In resurrecting the BFI standard, the Board has now expanded the scope in which a joint-employer relationship may be established. Now, the Board may find a joint-employer relationship when an entity possesses a reserved, unexercised right to control any of these essential terms, or through "indirect control" exercised by third parties or intermediaries. As a result, joint-employer status is now established if control exists (even if only potentially or indirectly) and if the object of control is an essential term and condition of employment of another employer's workforce, regardless of the extent of the control.
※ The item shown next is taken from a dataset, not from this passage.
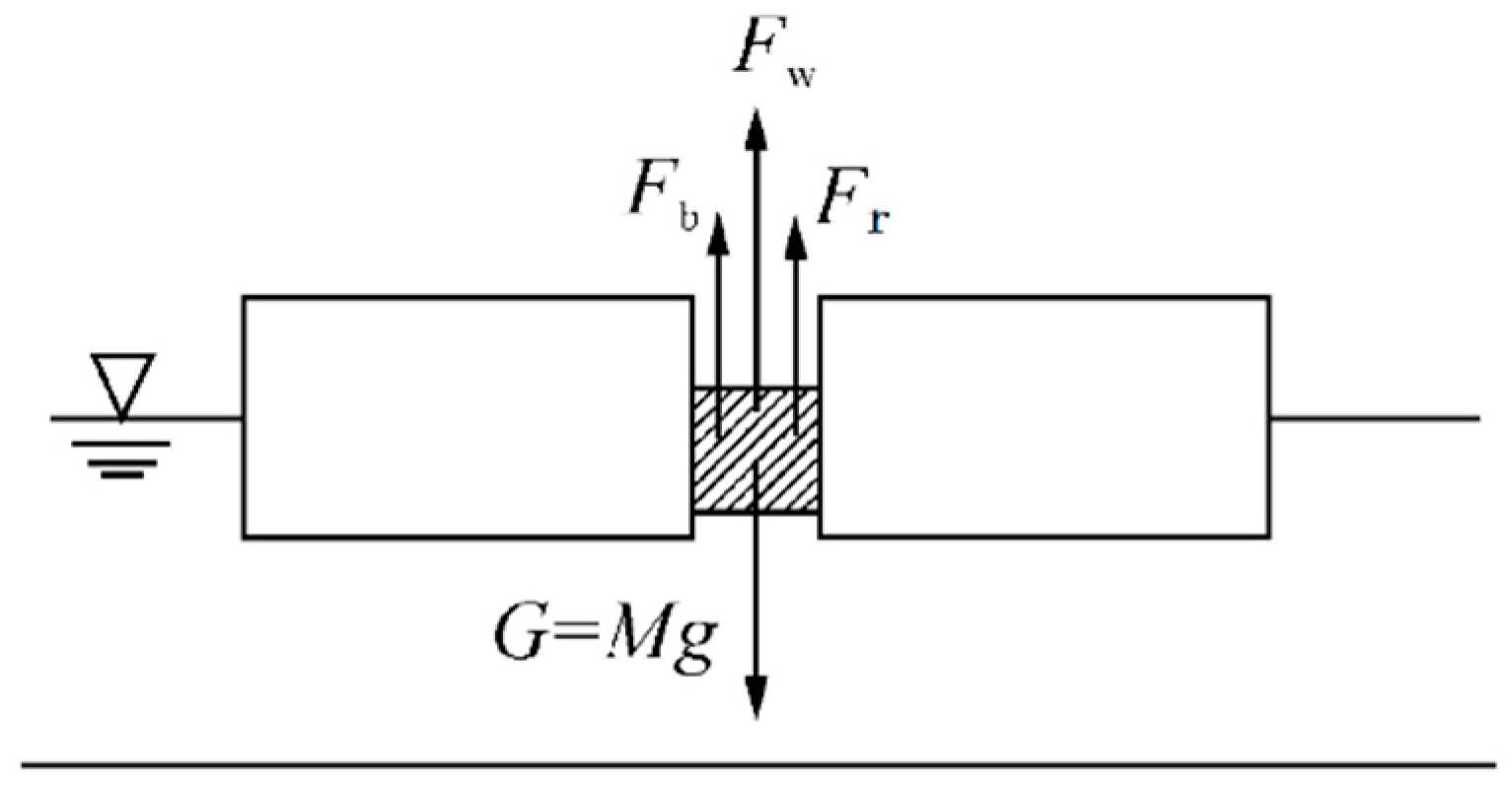 Energies 12 02669 g001 Energies 12 02669 g001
The drastic expansion of entities that could now be deemed joint employers, coupled with the uncertainty created by the expanded scope, creates an increased risk for entities previously able to evade joint-employer status.

Practical Implications

The joint-employer standard has significant implications for both unionized and nonunionized employers, as it determines when one entity can be held liable for the other's unfair labor practices and may require an entity to share a collective bargaining relationship with a union that represents another employer's employees. For example, franchisors may now face increased risks of becoming involved in union organizing campaigns and alleged unfair labor practice related to the other employer's response to those campaigns.
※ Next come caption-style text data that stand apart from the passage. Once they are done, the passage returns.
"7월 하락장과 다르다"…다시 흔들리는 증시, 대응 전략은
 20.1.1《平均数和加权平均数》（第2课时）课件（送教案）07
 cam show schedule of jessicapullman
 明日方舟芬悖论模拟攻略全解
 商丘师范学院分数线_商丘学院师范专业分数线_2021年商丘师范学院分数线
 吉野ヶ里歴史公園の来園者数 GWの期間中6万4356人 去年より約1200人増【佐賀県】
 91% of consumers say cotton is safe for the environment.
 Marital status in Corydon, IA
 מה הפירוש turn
A business could also be required to bargain over the terms and conditions of a supplier's employees, even if the business does not control all the terms or conditions of employment for these employees. Joint-employer status may also deprive the business of its status as a neutral employer if there is a strike or labor dispute, exposing the business to liability for actions by the supplier that violate the NLRA.

Bargaining with two or more employers instead of one can be significantly more challenging. And under the new standard, employees may be required to bargain with multiple—and different—entities than they initially expected.

What Does This Mean for Employers?

The Final Rule is subject to congressional review but is scheduled to go into effect December 26, 2023, and will only be applied to cases filed after the effective date.

As a result of the sweeping nature of the Final Rule, businesses can expect increased labor risks and should take the following steps to mitigate the risk of exposure:

  • Assess current operations and evaluate potential risks and consequences of being deemed a joint employer with their vendors, contractors, suppliers and/or franchisees;
  • Identify and consider removing any contractual terms with third parties that would establish direct or reserved control to determine the terms and conditions of employment of the other companies' employees; and
  • Train supervisors and managers to properly report concerns about staffing or other work-related concerns regarding a third party's employees directly to the third-party partner to handle.

This is an evolving area and there is still much to be determined. DWT will continue to monitor developments regarding the Final Rule and will keep you apprised of any developments. If you would like to learn more about the impending changes from the Board and minimize the risk of inadvertent joint responsibility, please consult with experienced labor counsel.


This advisory is a publication of Davis Wright Tremaine LLP. Our purpose in publishing this advisory is to inform our clients and friends of recent legal developments. It is not intended, nor should it be used, as a substitute for specific legal advice as legal counsel may only be given in response to inquiries regarding particular situations.

[1] Under the common-law test, an employment relationship exists where the person for whom the services are performed reserves the right, even though not exercised, to control the manner and means by which the result is accomplished. Vaughn Bros., 94 NLRB 382, 383 (1951).